Macau–United States relations are bilateral relations between Macau and the United States.

==Political relationship==
In recognition of Macau's high degree of autonomy, the United States continues to treat Macau as a "special area" distinct from the People's Republic of China: e. g., the sanctions imposed on China after the June 1989 violence in Tiananmen Square do not apply to Macau. For the DV-Lottery, those who were born in Mainland China are not eligible to apply, whereas persons born in Macau are qualified.

The U.S. government supports Macau's autonomy by strengthening bilateral ties through the promotion of bilateral trade and investment, law enforcement cooperation, academic and cultural links, and high-level dialogue and visits.

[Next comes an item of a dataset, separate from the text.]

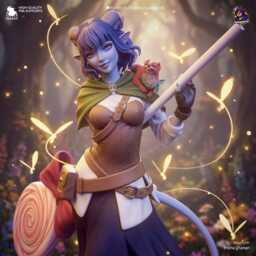 Violet Trickster - Divine Fantasy Adventuring Party Anime Cleric Jester Lavorre Resin Figure 16K - thumbnail 2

After the September 11 attacks, Macau officials pledged full cooperation with the U.S. and global efforts against terrorism. The legislature passed an anti-terrorism law in April 2002 that includes provisions that are consistent with the requirements of UN Security Council Resolution 1373.

==Economic relations==
Macau's clothes and textiles continued to enter the United States under quotas separated from those of China. Under the terms of a September 2000 bilateral Memorandum of Understanding, Macau and the US government cooperate in enforcing textile quotas and preventing illegal trans-shipment. The US continued periodic visits by U.S. Customs Textile Production Verification Teams to ensure compliance with Macau bilateral textile commitments.

The protection of intellectual property rights remains a priority issue on the U.S.-Macau bilateral economic agenda. Macau's progress since 1999 in strengthening IPR laws, tightening controls over DVD and VCD manufacturing, and stepping up street-level IPR enforcement resulted in Macau being removed from USTR's Special 301 list in 2002. Macau's new customs service worked with U.S. industry associations and maintained high tempo operations to combat piracy .

U.S. investment in Macau, while small in the past, is expected to increase in the coming years as the result of the 2002 awarding of two gaming concessions to consortia with U.S. interests. Though trade with Macau represents a small portion of U.S. trade, the United States was Macau's second-largest trading partner after the People's Republic of China. U.S. exports to and imports from Macau in 2002 were US$79 million and US$1.2 billion, respectively. After the Macau government ended the 40-year-old gaming monopoly of the Sociedade de Turismo e Diversões de Macau (STDM) in February 2002, the government awarded concessions to three consortia, including two with significant U.S. investment. The restructuring of the gaming industry remains the centerpiece of Macau - efforts to improve its international reputation and become a Las Vegas-like gaming, convention, and family-oriented holiday destination. The possible new investment of US$1.5-2.5 billion in the medium term will increase jobs and income and dramatically raise the U.S. business profile in Macau. US investment in Macau is largely centered on gambling, with five out of thirteen of Macau's casinos being owned by US companies.

==Offices and officials==
The U.S. Government has no offices in Macau. U.S. interests are represented by the Consulate General of the United States in Hong Kong.

Macau has two tourist offices in the United States in Los Angeles and New York City.